Pela conversa reproduzida, o objetivo parecia ser somente a obtenção de obras para as Olimpíadas. A estratégia: dar apoio ao “GERJ” (Governo do Estado do Rio de Janeiro) no Maracanã e deixar preparada uma saída após os Jogos de agosto deste ano na capital fluminense. Assim, receberiam o que seria investido na operação do estádio.
Sem novas obras e financiamentos para as mesmas no complexo desportivo (caso dos Parque Aquático Júlio Delamare e do ginásio do Maracanãzinho, que serão reformados pelo Comitê Olímpico), a estratégia seria cair logo fora (“wayout”) do Maracanã. Mas antes, recuperariam o valor investido (perdido?) no estádio durante o período de concessão. Como? Quem pagaria tal conta?

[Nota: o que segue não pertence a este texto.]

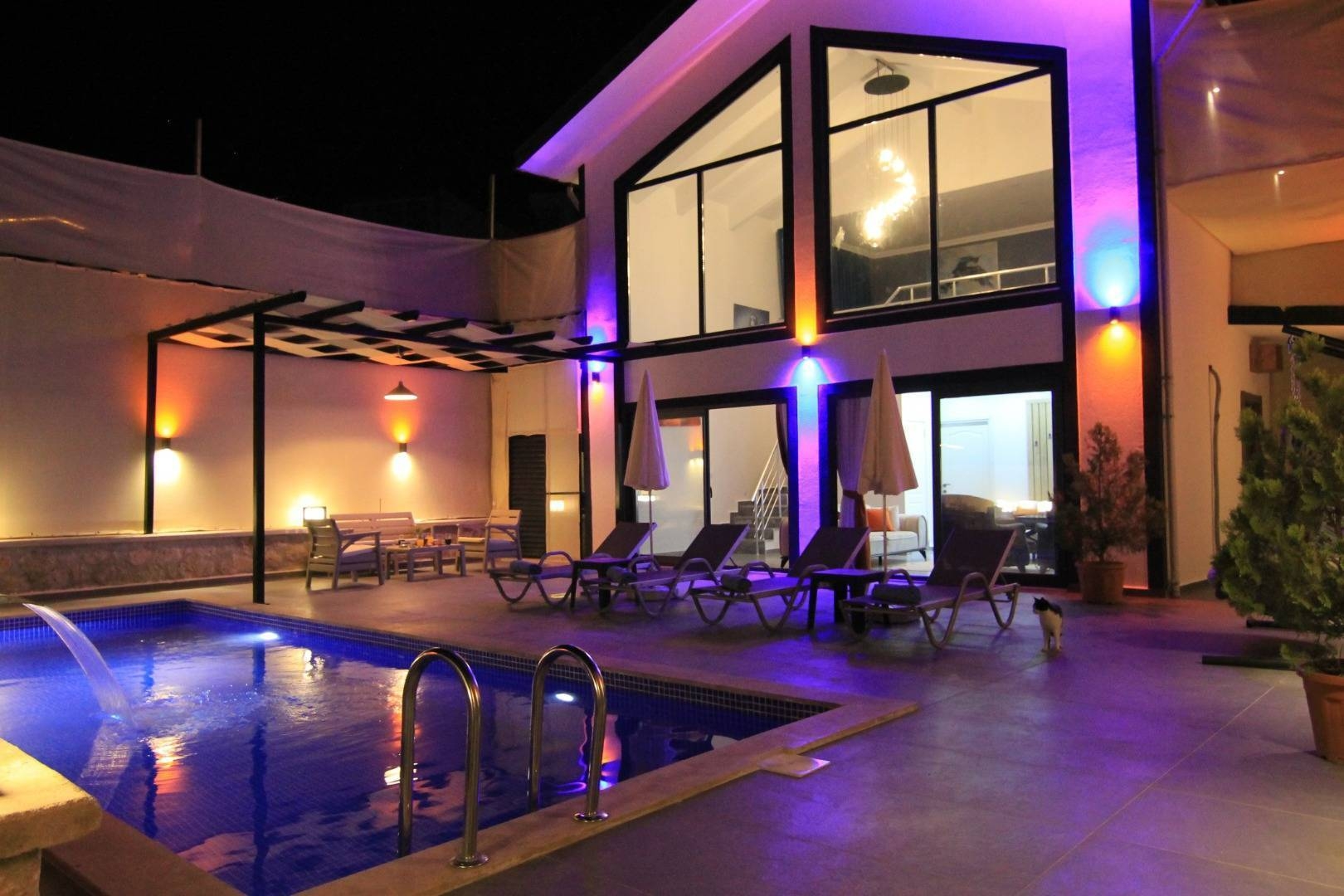 Kaş İslamlar'da Huzurlu Doğada, Özel Havuzlu, Modern Villa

O governo do Rio, falido e sem dinheiro até para seus hospitais em pandarecos?
Lá atrás, quando firmado o contrato entre o “GERJ” e o consórcio que administraria o Maracanã, encabeçado pela Odebretch, seriam demolidos o parque aquático e o estádio de atletismo Célio de Barros. Após pressão popular, inclusive de atletas, o governador Sérgio Cabral (em período pré-eleitoral), voltou atrás. Assim, a construtora perdeu a chance de naquelas áreas explorar estacionamentos e um shopping.
O vazamento das mensagens é mais um capítulo da nebolusa novela da concessão do Maracanã, inciada durante o governo Cabral e que prossegue com o seu companheiro de PMDB, ex-vice e sucessor, Luiz Fernando Pezão. Fluminense e Flamengo, que firmaram acordos com a concessionária que se desmancha, tentam, nos bastidores, planejar o futuro com o estádio que hoje inexplicavelmente não podem utilizar.